I'm not sure if pyarrow is meant to support \s+. If pyarrow supports it, then this should not fail. If pyarrow does not support it, then I believe the error should be modified to reflect this, since it now seems to imply that \s+ is not interpreted as a regex, so pyarrow should support it.

Update: I looked in the main branch and it seems that pyarrow does not to support \s+, so changing the error message should be enough.

Installed Versions

INSTALLED VERSIONS
------------------
commit           : 478d340667831908b5b4bf09a2787a11a14560c9
python           : 3.11.0.final.0
python-bits      : 64
OS               : Linux
OS-release       : 5.15.0-69-generic
Version          : #76~20.04.1-Ubuntu SMP Mon Mar 20 15:54:19 UTC 2023
machine          : x86_64
processor        : x86_64
byteorder        : little
LC_ALL           : None
LANG             : en_US.UTF-8
LOCALE           : en_US.UTF-8

pandas           : 2.0.0
numpy            : 1.24.2
pytz             : 2023.2
dateutil         : 2.8.2
setuptools       : 67.6.0
pip              : 23.0.1
Cython           : None
pytest           : 7.2.2
hypothesis       : None
sphinx           : 6.1.3
blosc            : None
feather          : None
xlsxwriter       : None
lxml.etree       : None
html5lib         : None
pymysql          : None
psycopg2         : None
jinja2           : 3.1.2
IPython          : 8.12.0
pandas_datareader: None
bs4              : None
bottleneck       : None
brotli           : 
fastparquet      : None
fsspec           : None
gcsfs            : None
matplotlib       : None
numba            : None
numexpr          : None
odfpy            : None
openpyxl         : None
pandas_gbq       : None
pyarrow          : 11.0.0
pyreadstat       : None
pyxlsb           : None
s3fs             : None
scipy            : None
snappy           : None
sqlalchemy       : None
tables           : None
tabulate         : None
xarray           : None
xlrd             : None
zstandard        : None
tzdata           : 2023.3
qtpy             : None
pyqt5            : None

Comment From: lithomas1

Thanks for the report.
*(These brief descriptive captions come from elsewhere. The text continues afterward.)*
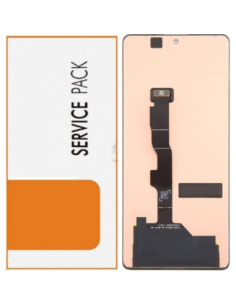 Eu_Pantalla para Xiaomi Poco F5/Redmi Note 13/12 Turbo 5G 2023 Sin Marco (Original Service Pack) Fabricado Europa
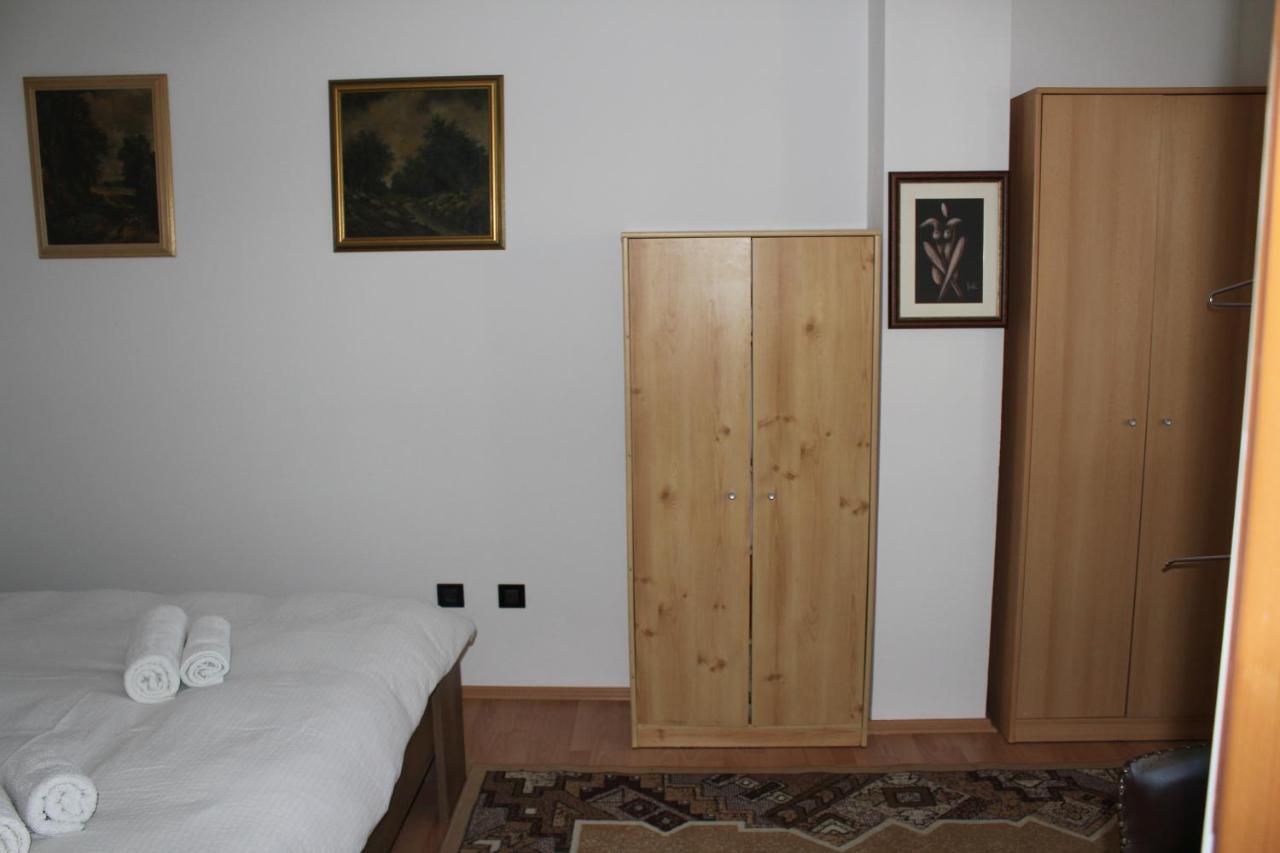 Apartment Anna זאגרב מראה חיצוני תמונה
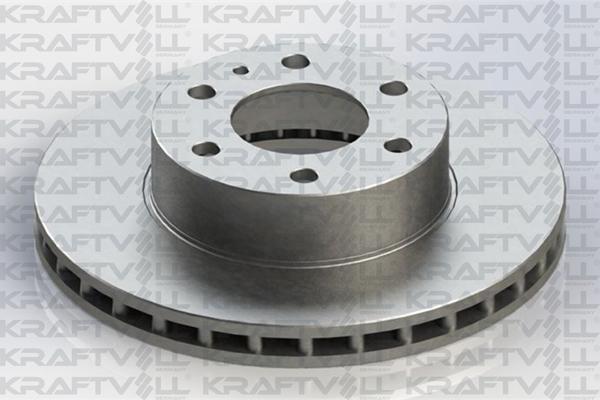 KRAFTVOLL GERMANY 07040119 - Bremžu diski autospares.lv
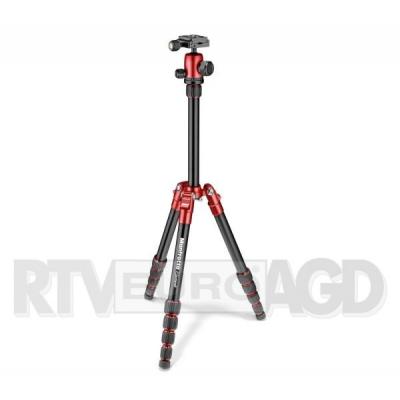 Manfrotto Element Traveller Small (czerwony)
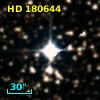 HD 180644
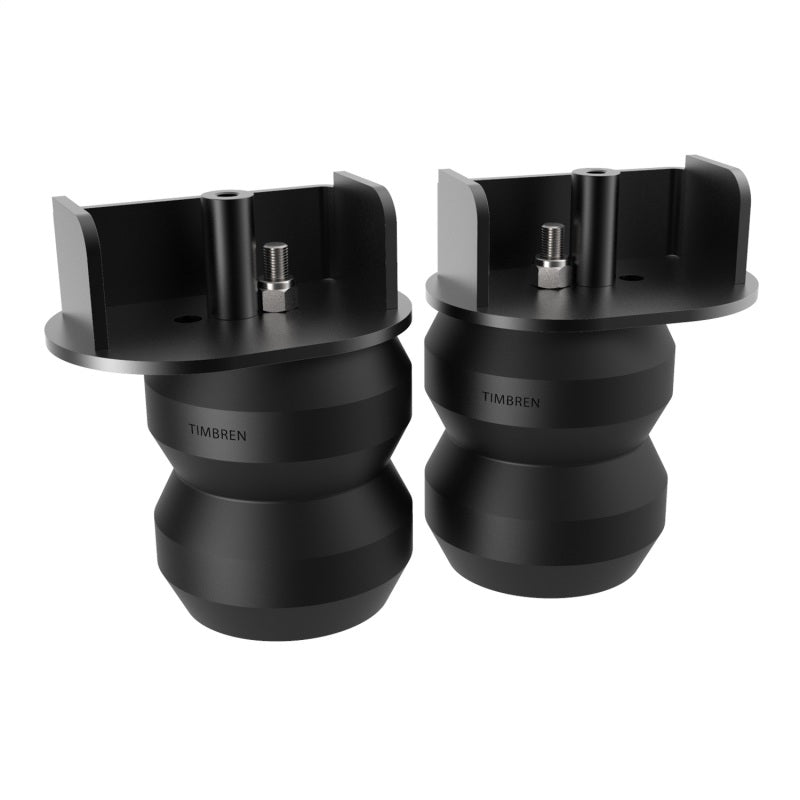 Timbren SES Helper Spring Kit Stock Height Rear - Rubber - Ford Fullsize Truck 2011-12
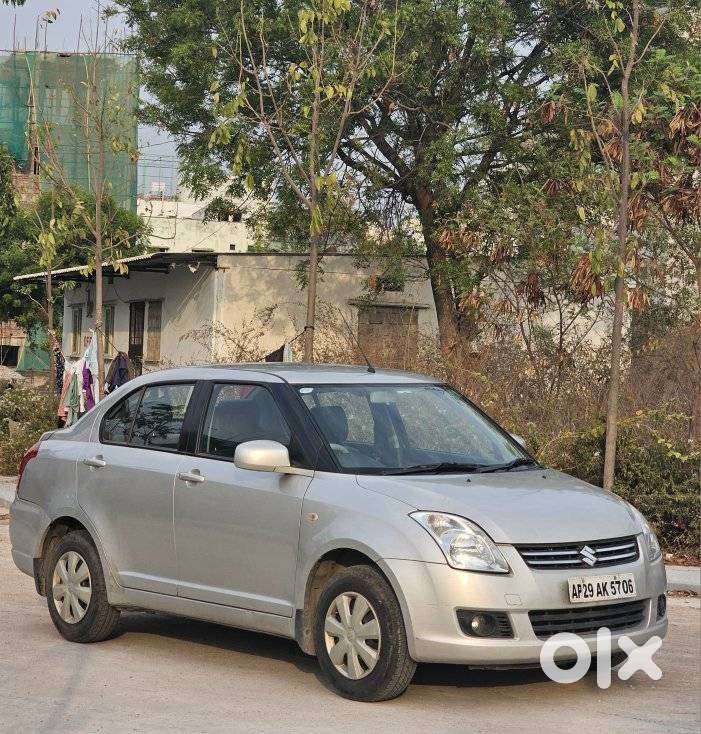 Maruti Suzuki Swift Dzire 1.2 Vxi Bsiv, 2010, Petrol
This is probably due to erroneously sharing that line of code with the C parser.

If you're interested in making a PR, We can probably add a check for pyarrow inside the elif block here. https://github.com/pandas-dev/pandas/blob/e9e034badbd2e36379958b93b611bf666c7ab360/pandas/io/parsers/readers.py#L1514

Otherwise, I'll take care of this in hopefully a week or so.